===== Material for this exercise

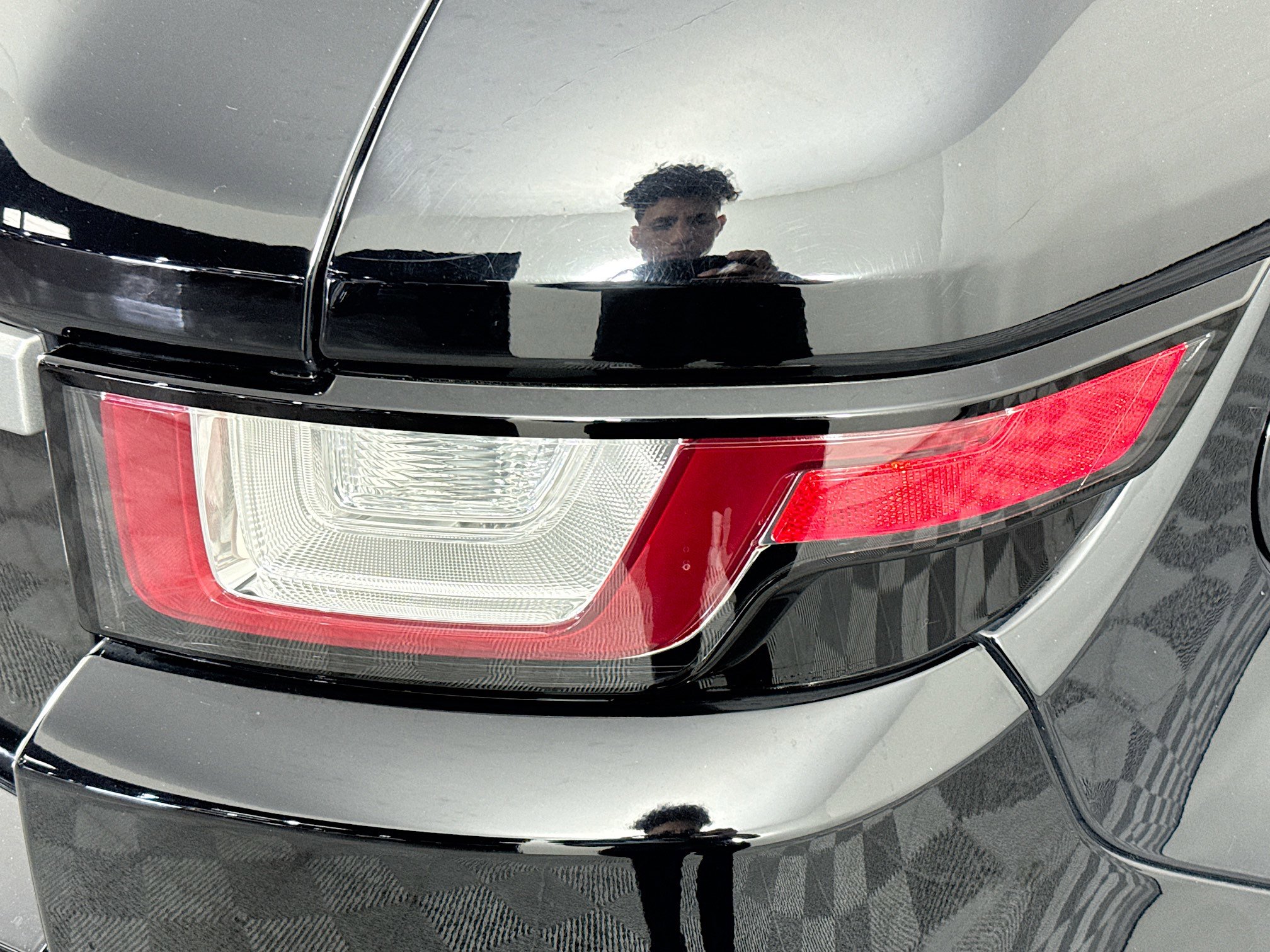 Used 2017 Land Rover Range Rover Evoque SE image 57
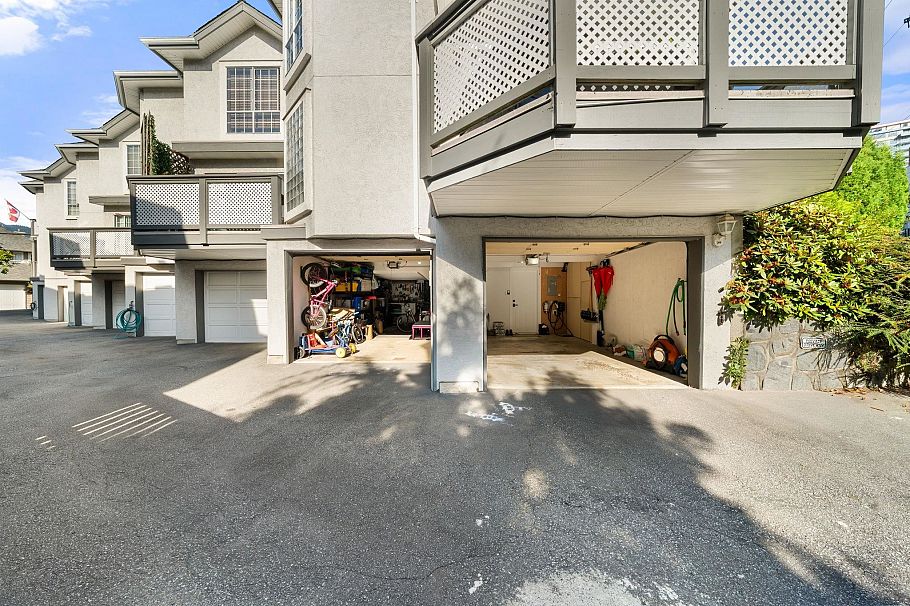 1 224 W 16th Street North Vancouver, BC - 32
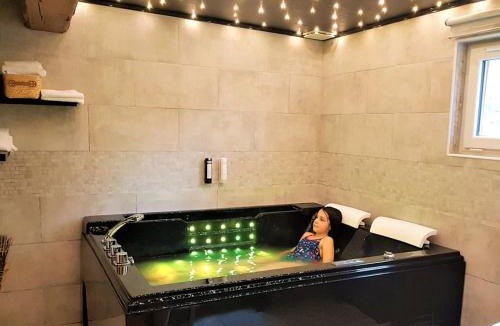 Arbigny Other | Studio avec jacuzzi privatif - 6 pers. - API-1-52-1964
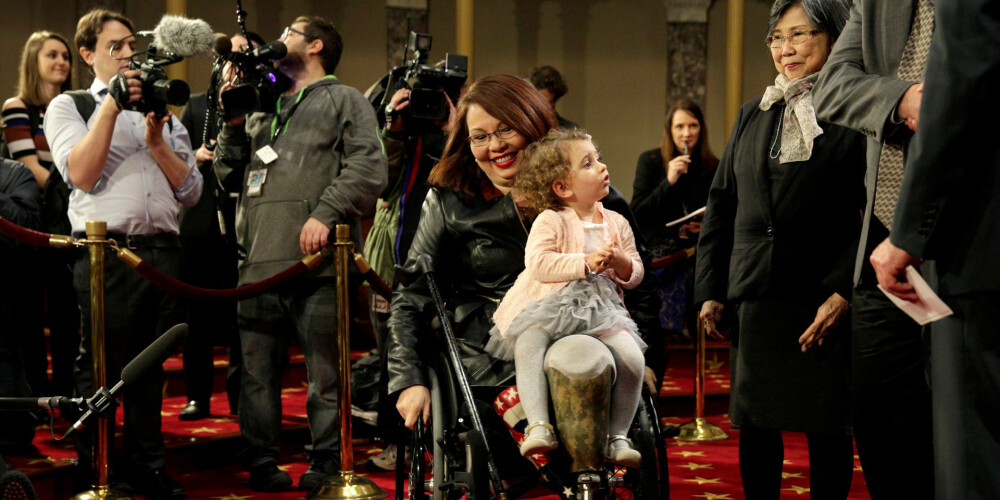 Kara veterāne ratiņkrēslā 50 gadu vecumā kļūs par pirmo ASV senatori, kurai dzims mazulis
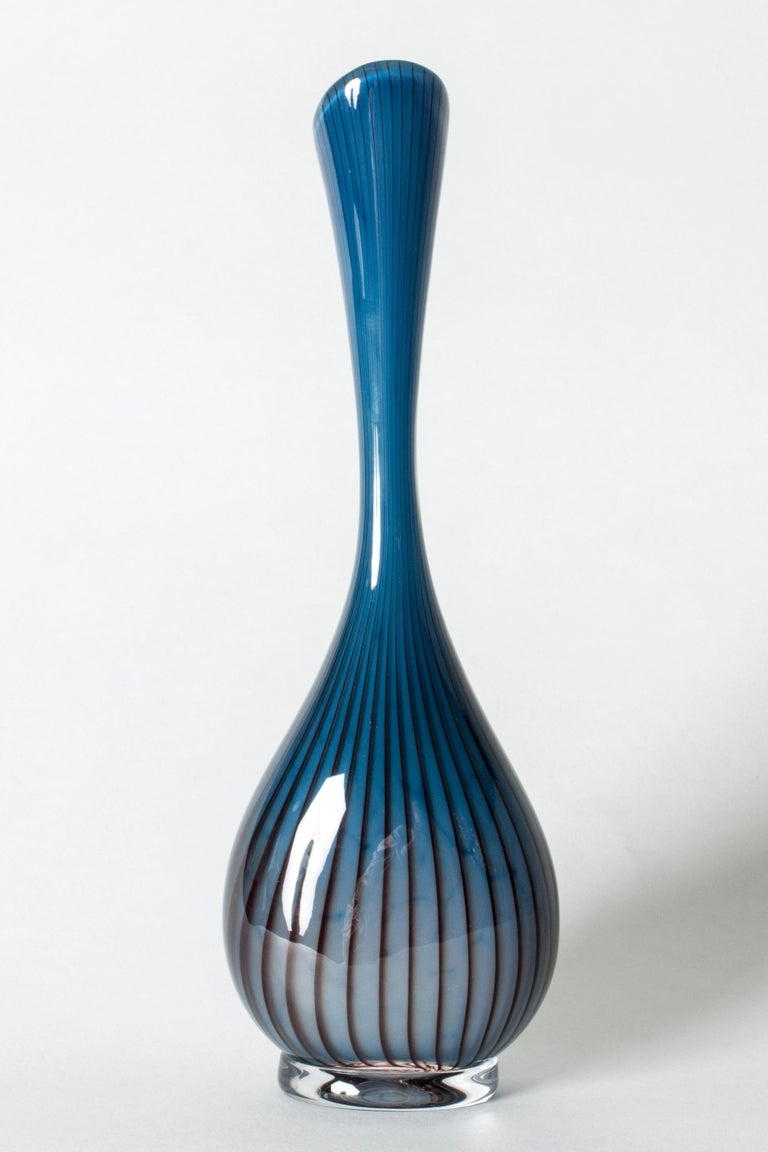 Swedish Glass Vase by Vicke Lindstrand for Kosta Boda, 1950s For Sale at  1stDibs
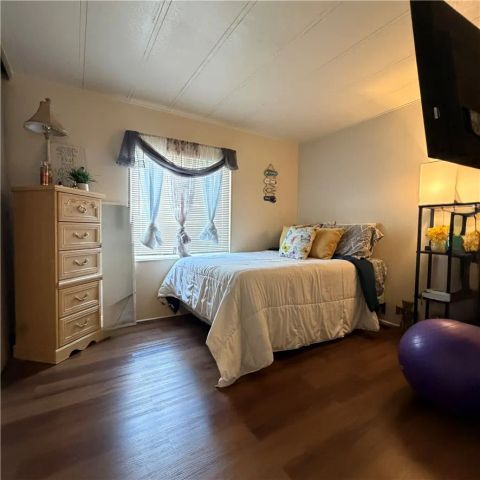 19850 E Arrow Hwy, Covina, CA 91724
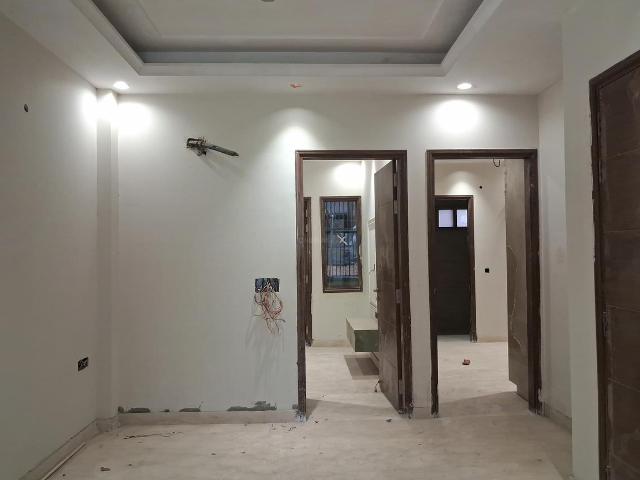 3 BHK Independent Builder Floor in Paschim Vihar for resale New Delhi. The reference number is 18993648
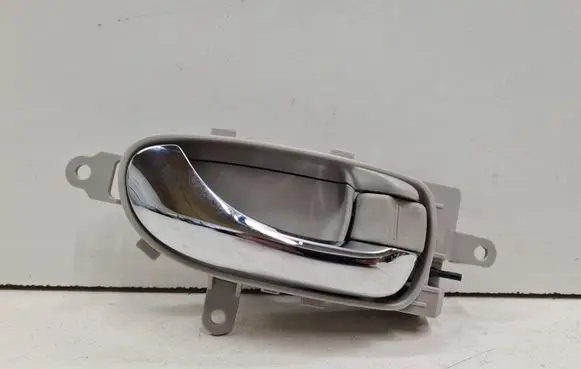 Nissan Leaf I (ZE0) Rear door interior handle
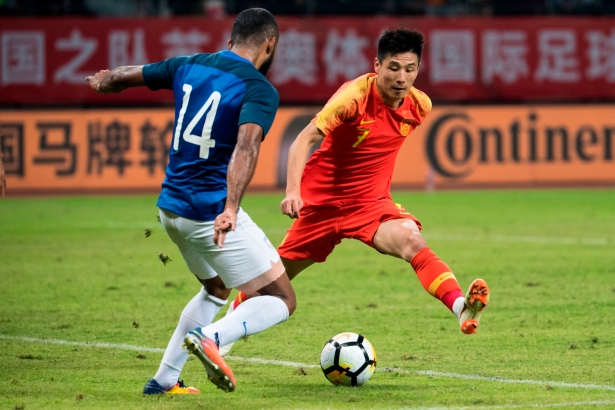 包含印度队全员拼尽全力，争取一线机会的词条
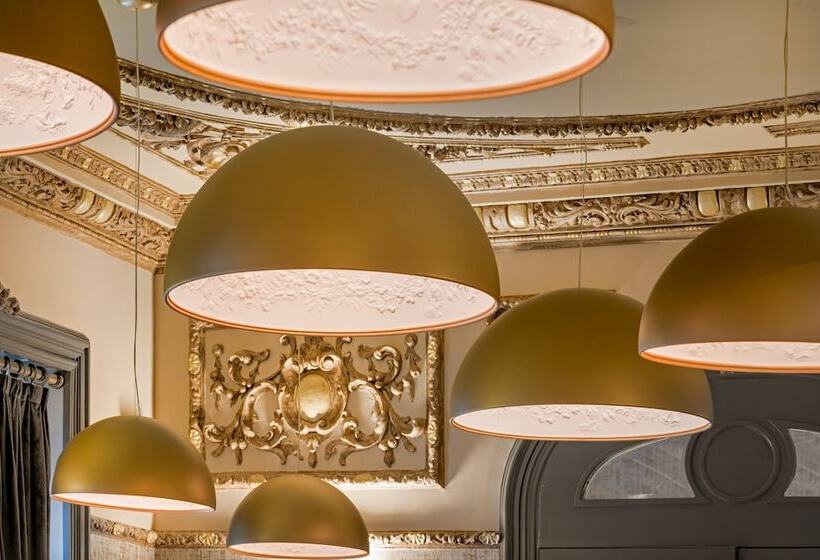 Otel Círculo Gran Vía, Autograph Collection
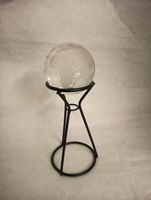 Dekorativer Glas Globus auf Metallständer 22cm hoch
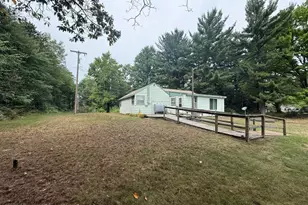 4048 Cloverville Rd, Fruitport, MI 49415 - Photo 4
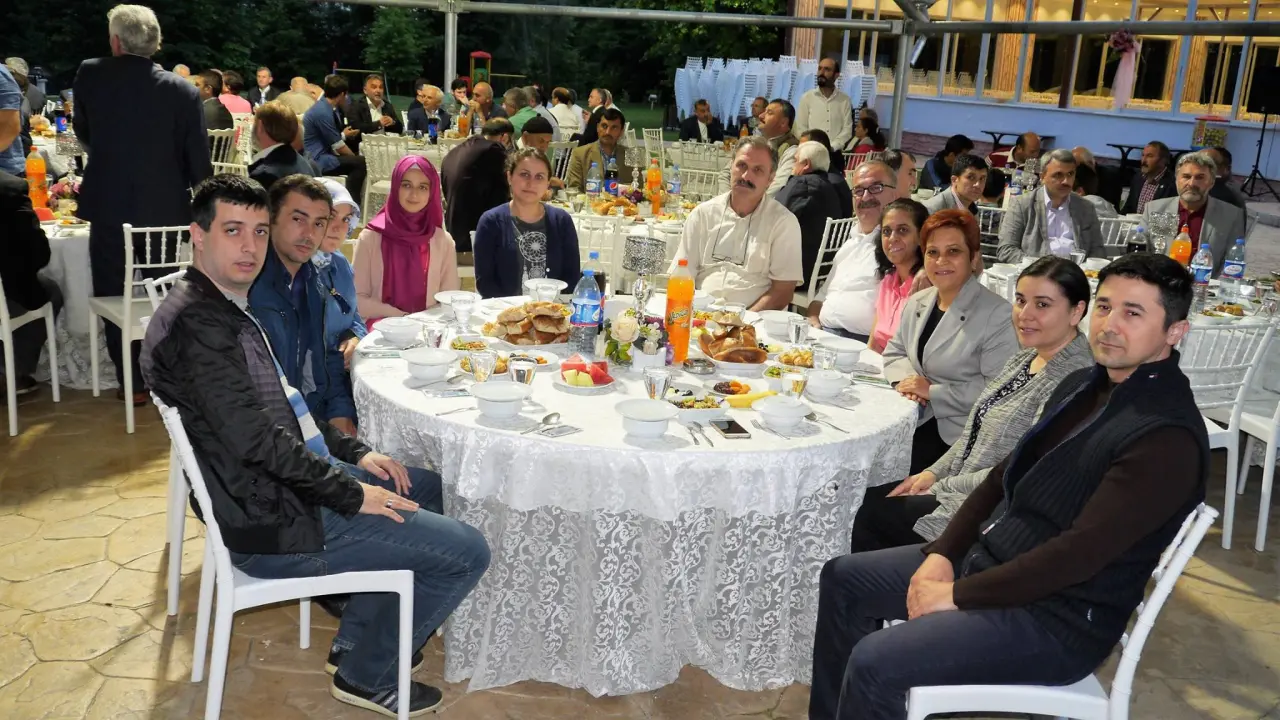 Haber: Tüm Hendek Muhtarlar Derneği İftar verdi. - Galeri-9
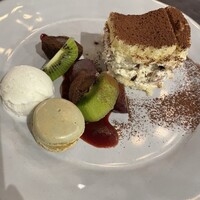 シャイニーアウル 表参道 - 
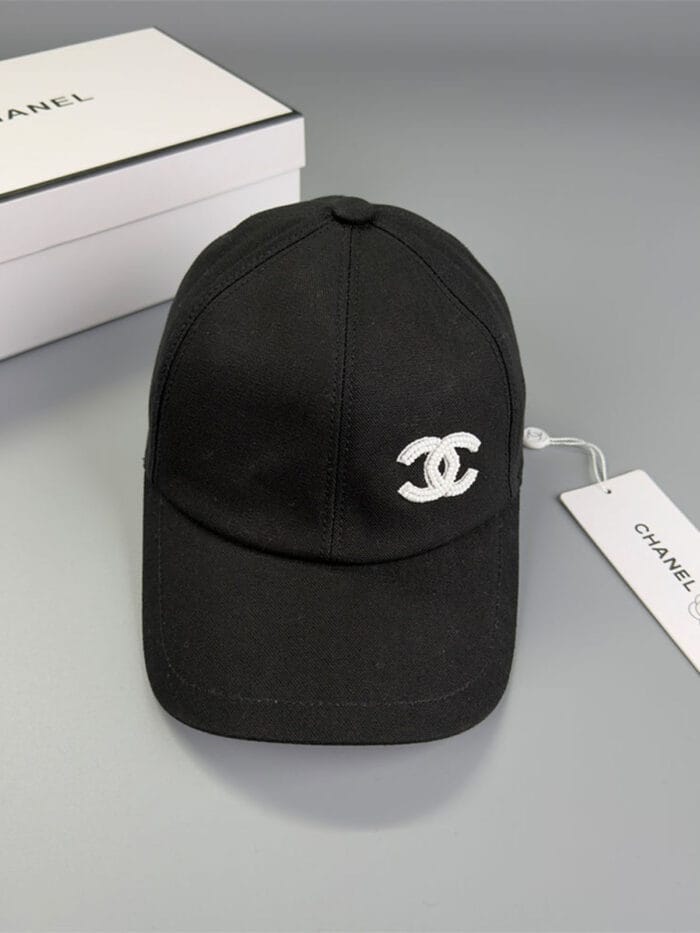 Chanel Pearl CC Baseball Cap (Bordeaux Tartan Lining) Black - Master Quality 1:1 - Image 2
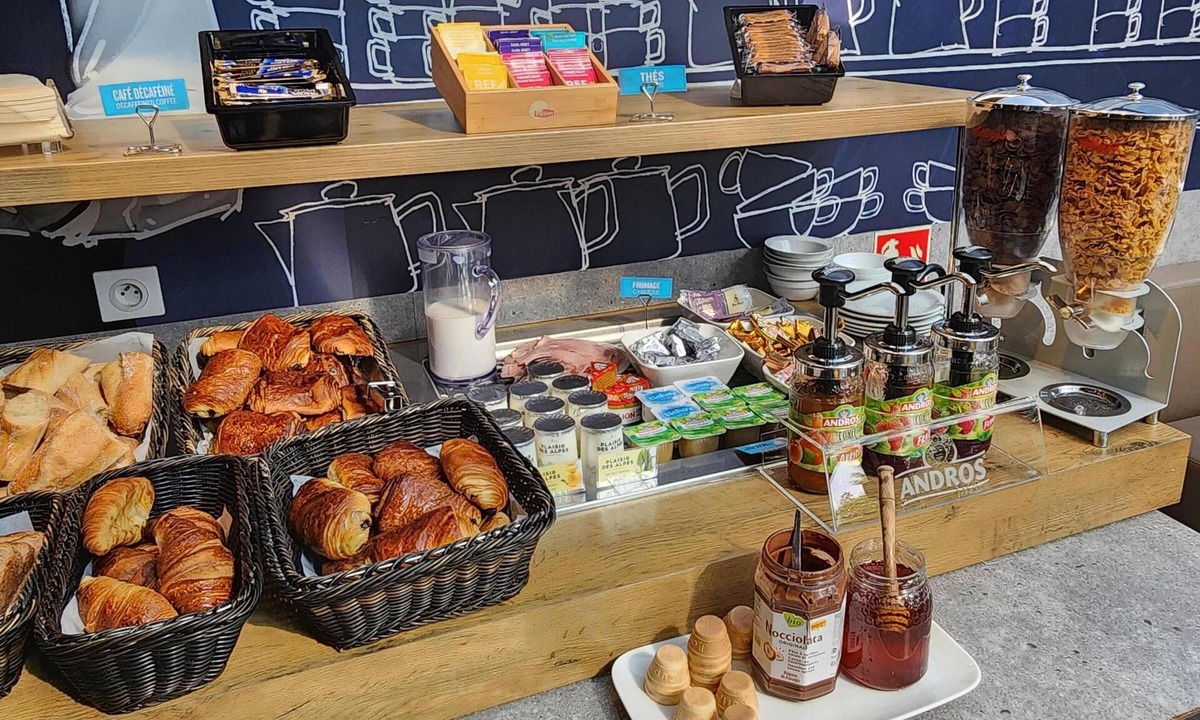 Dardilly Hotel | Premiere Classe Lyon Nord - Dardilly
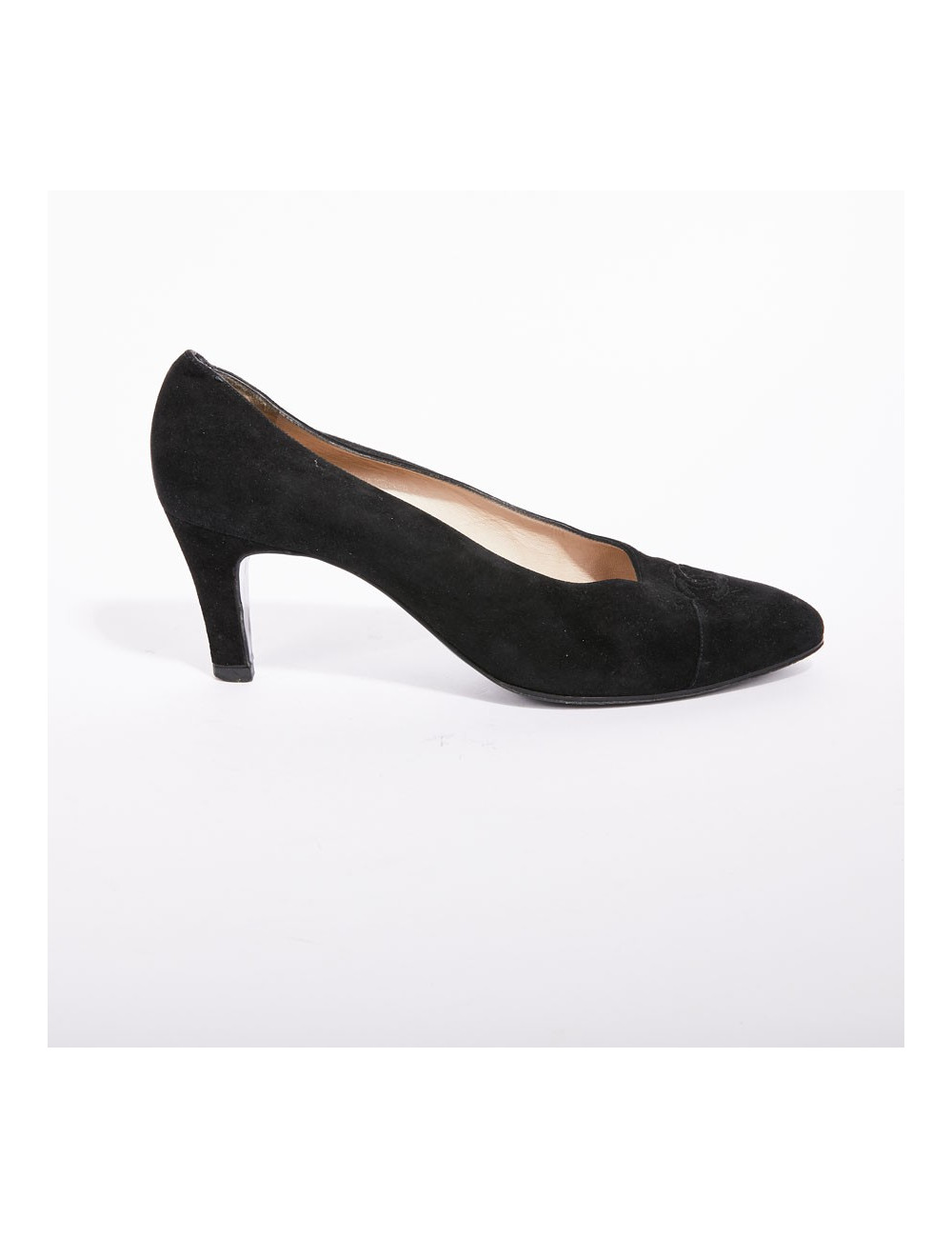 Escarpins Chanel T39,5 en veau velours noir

==========

Problem to work on:
Reproduce the listing exactly. Do not include its images.

Answer box:
 Used 2017 Land Rover Range Rover Evoque SE image 57
 1 224 W 16th Street North Vancouver, BC - 32
 Arbigny Other | Studio avec jacuzzi privatif - 6 pers. - API-1-52-1964
 Kara veterāne ratiņkrēslā 50 gadu vecumā kļūs par pirmo ASV senatori, kurai dzims mazulis
 Swedish Glass Vase by Vicke Lindstrand for Kosta Boda, 1950s For Sale at  1stDibs
 19850 E Arrow Hwy, Covina, CA 91724
 3 BHK Independent Builder Floor in Paschim Vihar for resale New Delhi. The reference number is 18993648
 Nissan Leaf I (ZE0) Rear door interior handle
 包含印度队全员拼尽全力，争取一线机会的词条
 Otel Círculo Gran Vía, Autograph Collection
 Dekorativer Glas Globus auf Metallständer 22cm hoch
 4048 Cloverville Rd, Fruitport, MI 49415 - Photo 4
 Haber: Tüm Hendek Muhtarlar Derneği İftar verdi. - Galeri-9
 シャイニーアウル 表参道 - 
 Chanel Pearl CC Baseball Cap (Bordeaux Tartan Lining) Black - Master Quality 1:1 - Image 2
 Dardilly Hotel | Premiere Classe Lyon Nord - Dardilly
 Escarpins Chanel T39,5 en veau velours noir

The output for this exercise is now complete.